> **ACTIVITY**:
In the entries below, begin at the line that has "Объективные методы", stop after the line that has "Lg rs232 input", and output those lines exactly with no pictures.

> **DATA FOR THIS EXERCISE**:
╔══

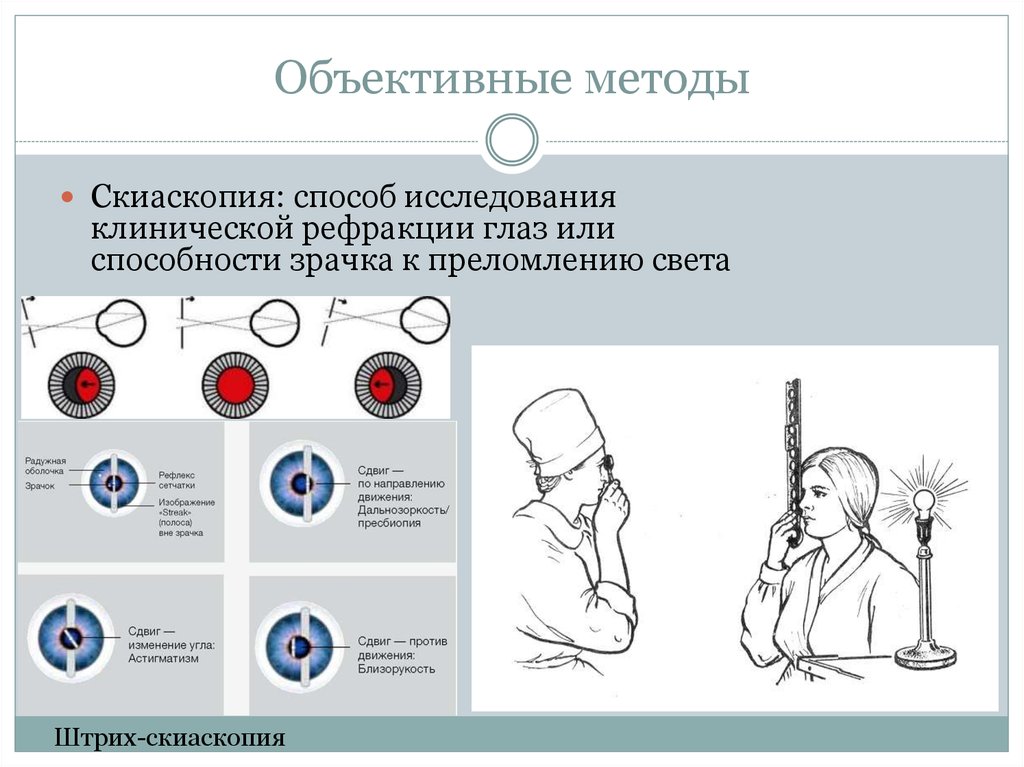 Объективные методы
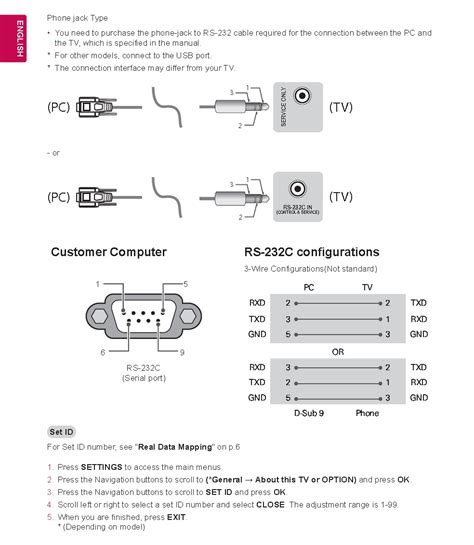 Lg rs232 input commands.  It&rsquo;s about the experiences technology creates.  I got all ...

╚══
╔══

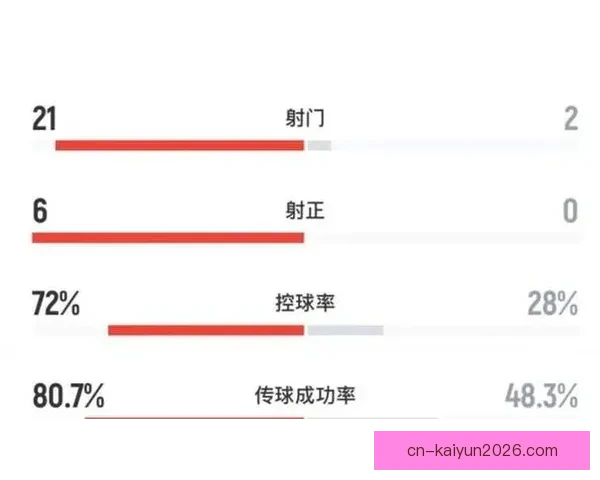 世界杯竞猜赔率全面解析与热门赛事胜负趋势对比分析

╚══

> **YOUR SOLUTION**:
 Объективные методы
 Lg rs232 input commands.  It&rsquo;s about the experiences technology creates.  I got all ...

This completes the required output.